The third stage is the study stage. In this stage, one conducts a deep analysis on the results obtained in the do stage. According to Montero, Moffatt, & Jarris, (2015), the aim of this is to come up with possible solutions that can be used to address the identified challenge. For instance, if it is identified that the main reason for the errors is fatigue, one may propose the solution to be change in the number of working hours or addition of new workers into the workforce. Alternatively, referring patients to other care facilities is also a way of dealing with a large patient population.
Finally, the last stage is the act stage. In this stage, the nurse or the researcher implements the suggestions that have been identified in the study stage. This stage is also called the change stage as this is the stage where all the plans are instituted. The plans are believed to help in improving the quality of care and patient safety in improving by solving the identified challenge with the already researched and analyzed solutions.

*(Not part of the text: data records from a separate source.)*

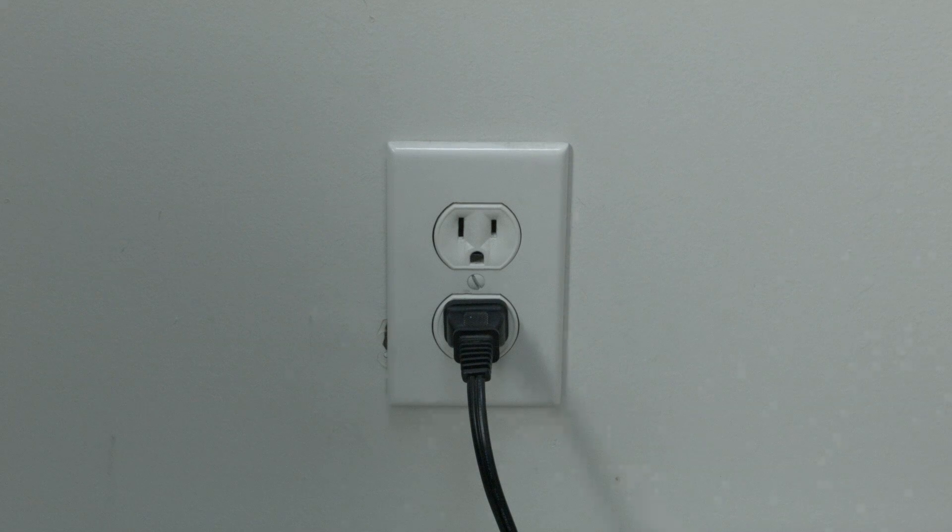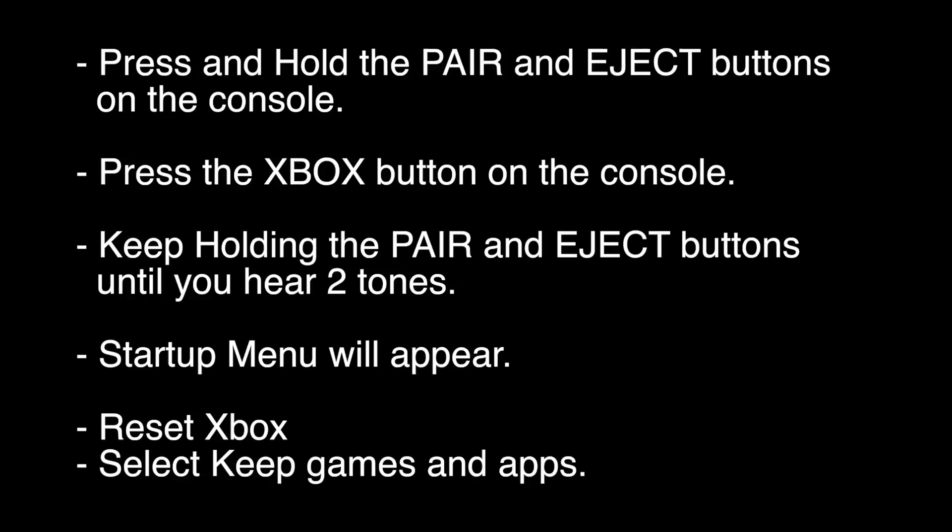If not, this next fix should almost definitely solve your problem. We're going to do a reset of the Xbox, but this is not a full factory reset — when you're done you'll still have your games and apps. Make sure the Xbox is turned off, then press and hold the pair and eject buttons. If you don't have an eject button, just hold down the pair button. While holding them, press the Xbox button on the console once. Keep holding the pair and eject buttons until you hear two tones. A startup menu will appear — select 'Reset Xbox' and then select 'Keep games and apps.'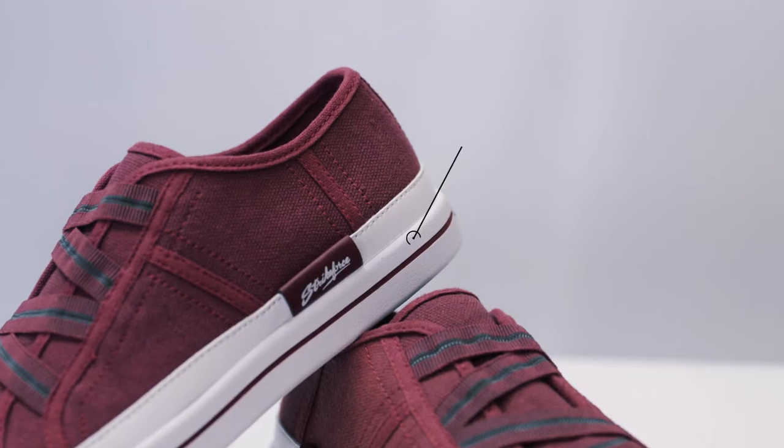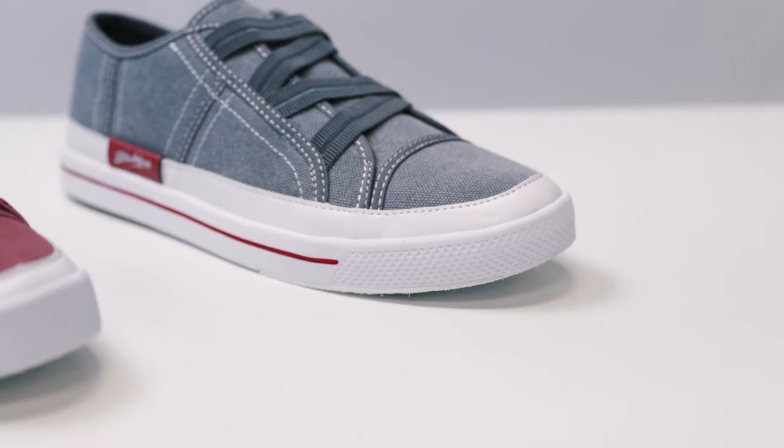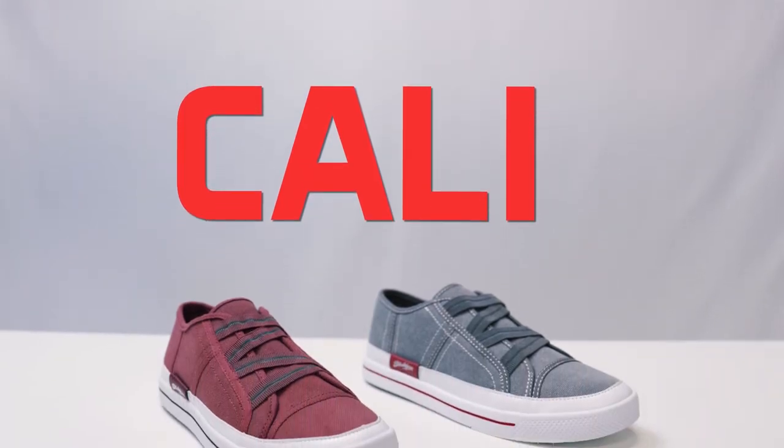The non-marking EVA outsole is feather light and allows you to have a smooth and consistent slide during every approach. If you're looking for a cool shoe that goes with every outfit, be sure to check out the new Women's Cali from KR Strike Force.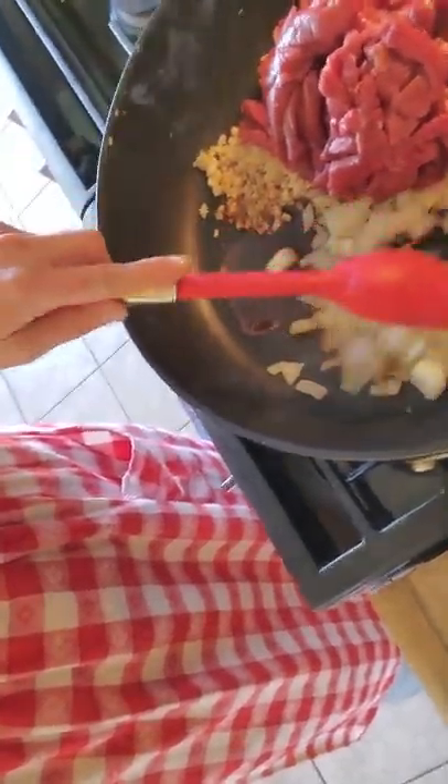Let me show you what I've got right now in my pan. I've got some minced onion, garlic, soy sauce, a little bit of oil, and I've got some stir-fry meat. I've used beef, and you could use pork or chicken.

In conclusion, the PDSA quality improvement cycle is applicable over many wide topics. For instance, with an indicator such as transfusion reaction, the PDSA improvement cycle can be used to conduct research and identify the causes of the hemolytic reaction (Knudsen, Laursen, Bartels, Johnsen, Ehlers, & Mainz, 2018). These may include errors in labeling of samples. The model may then be utilized to propose a solution such as changing the model of care in order to achieve improve the quality of care.